• **Data to process**
────

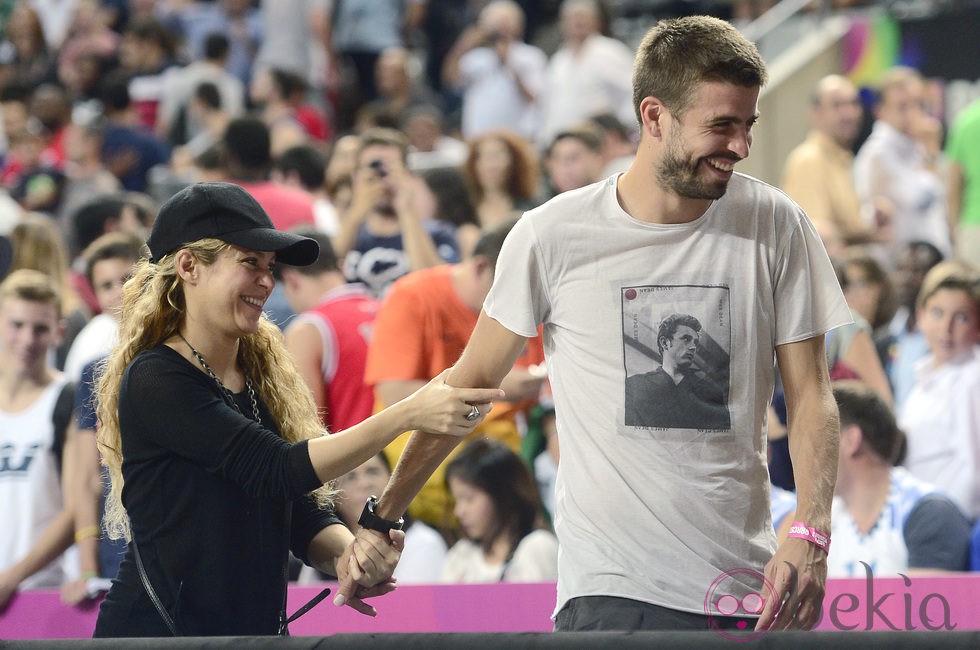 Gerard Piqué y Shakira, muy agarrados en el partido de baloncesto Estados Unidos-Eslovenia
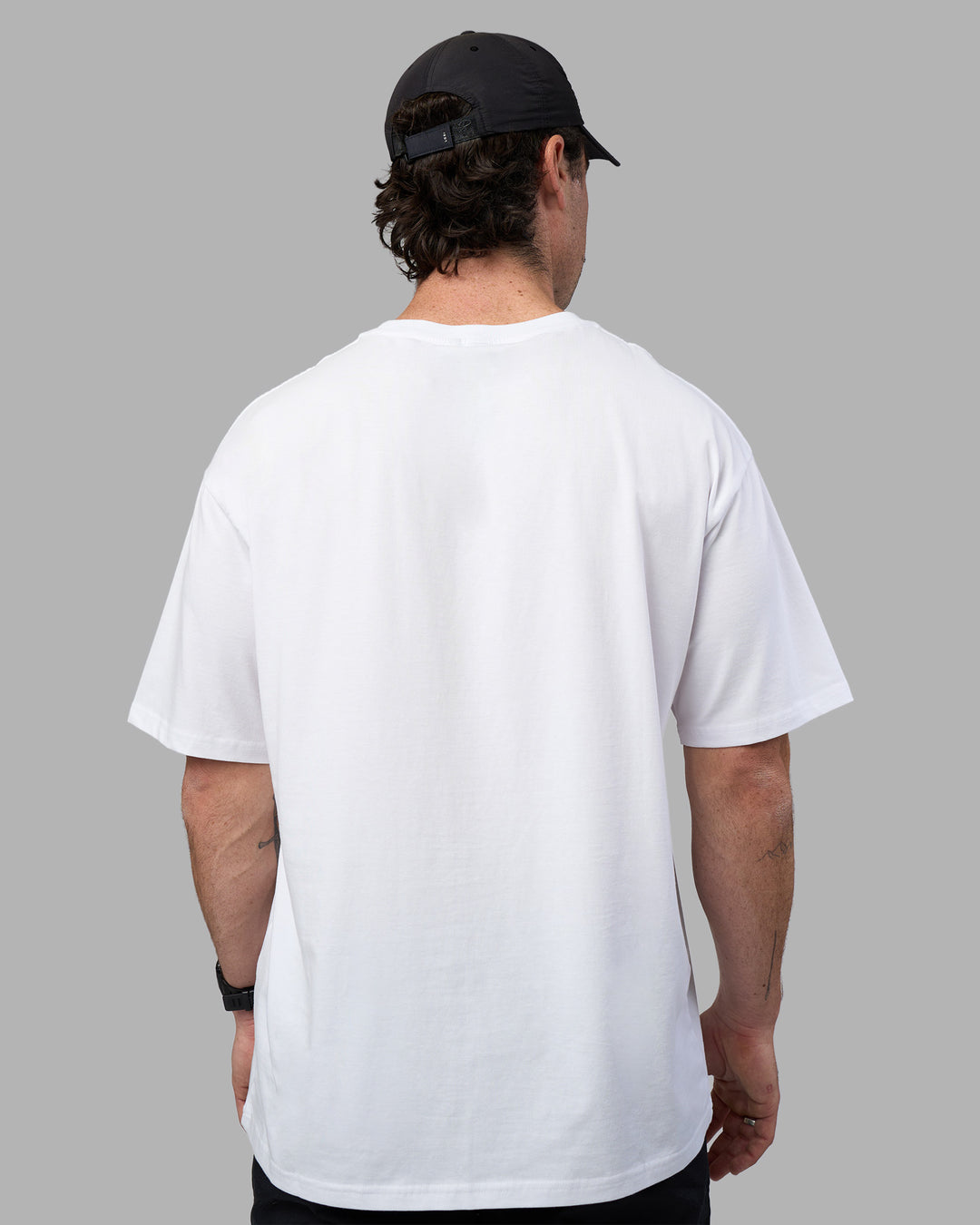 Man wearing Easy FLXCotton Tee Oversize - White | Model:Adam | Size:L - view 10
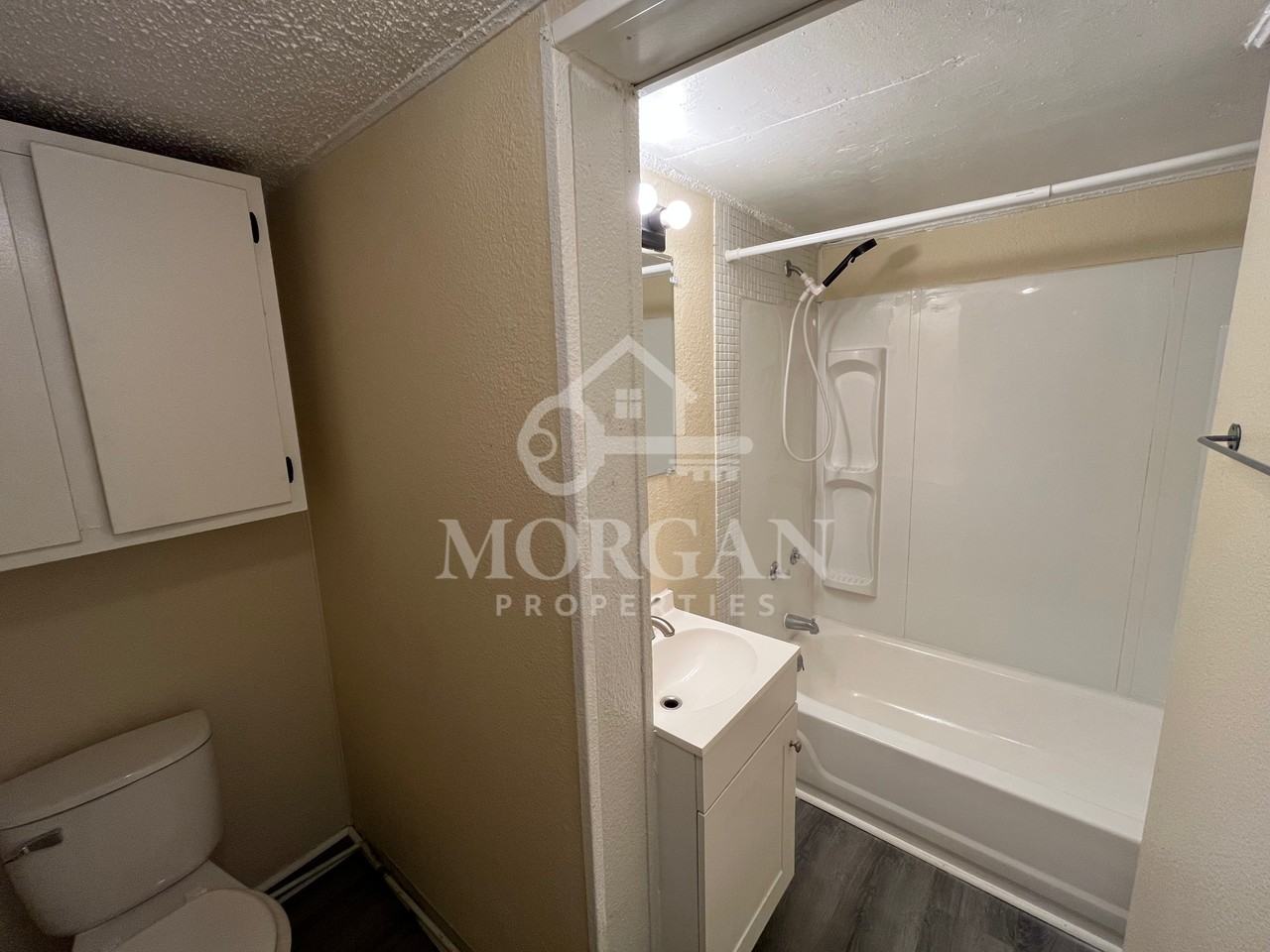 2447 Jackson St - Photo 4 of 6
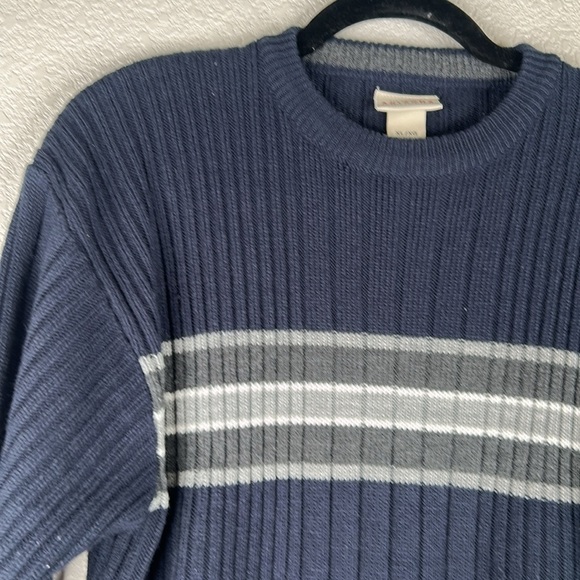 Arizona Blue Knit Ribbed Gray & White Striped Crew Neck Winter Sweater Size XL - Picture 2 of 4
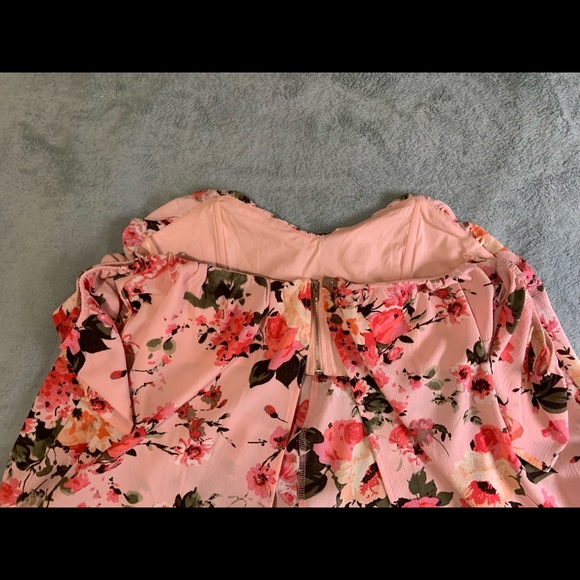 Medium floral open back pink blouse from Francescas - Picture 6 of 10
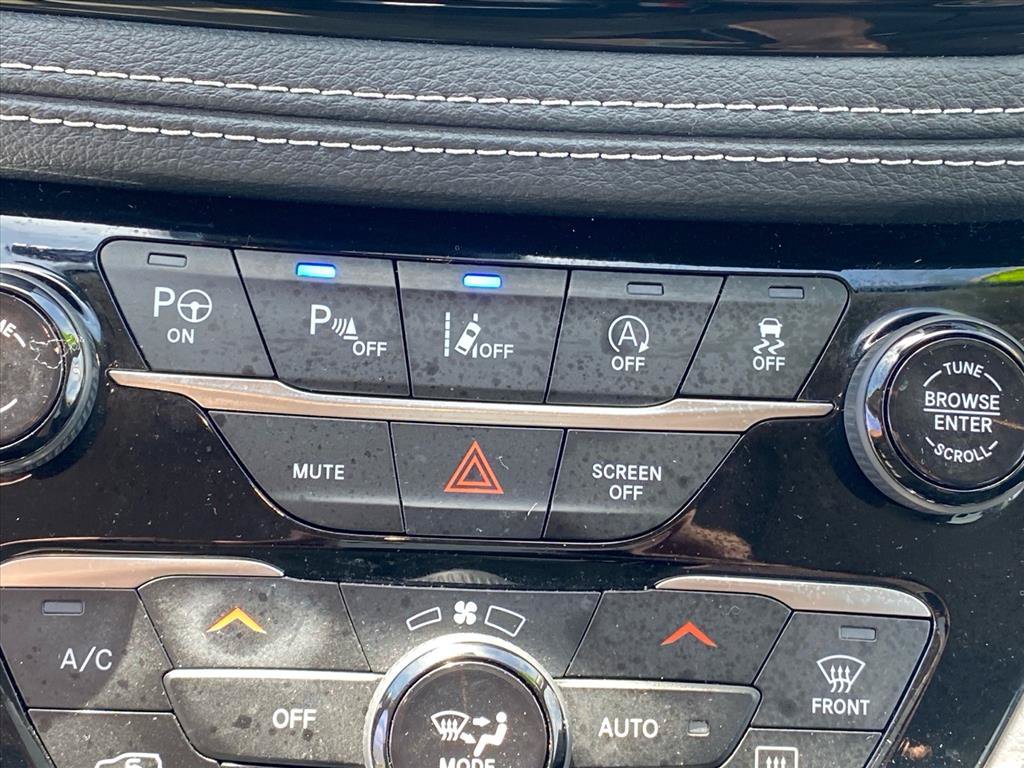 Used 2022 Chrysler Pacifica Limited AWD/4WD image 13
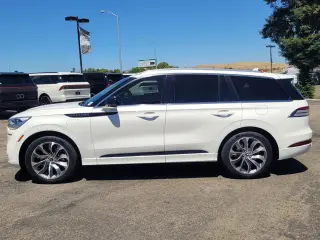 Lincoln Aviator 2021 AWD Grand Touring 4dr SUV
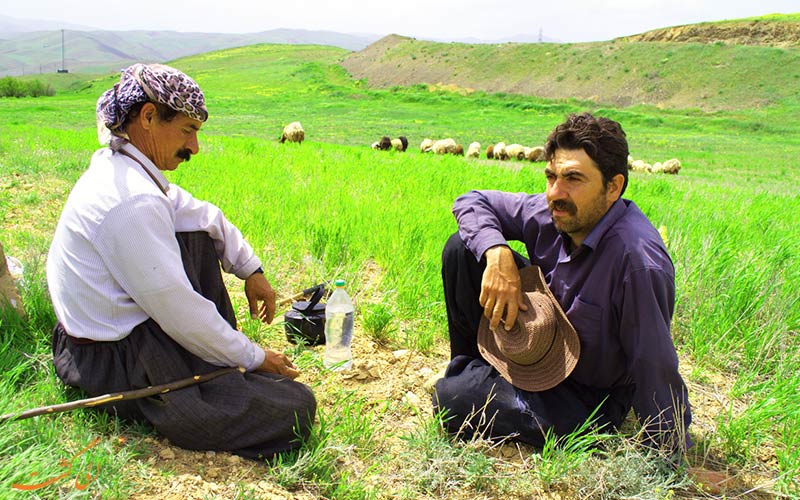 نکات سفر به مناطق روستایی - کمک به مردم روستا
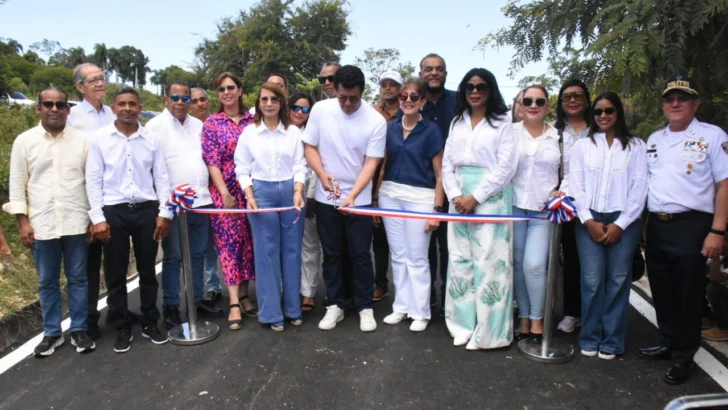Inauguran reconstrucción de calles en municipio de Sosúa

────

• **Task details**
Reproduce exactly and only the lines from the one with "Man wearing Easy" through the last entry, both included, excluding every picture.

• **Your solution**
 Man wearing Easy FLXCotton Tee Oversize - White | Model:Adam | Size:L - view 10
 2447 Jackson St - Photo 4 of 6
 Arizona Blue Knit Ribbed Gray & White Striped Crew Neck Winter Sweater Size XL - Picture 2 of 4
 Medium floral open back pink blouse from Francescas - Picture 6 of 10
 Used 2022 Chrysler Pacifica Limited AWD/4WD image 13
 Lincoln Aviator 2021 AWD Grand Touring 4dr SUV
 نکات سفر به مناطق روستایی - کمک به مردم روستا
Inauguran reconstrucción de calles en municipio de Sosúa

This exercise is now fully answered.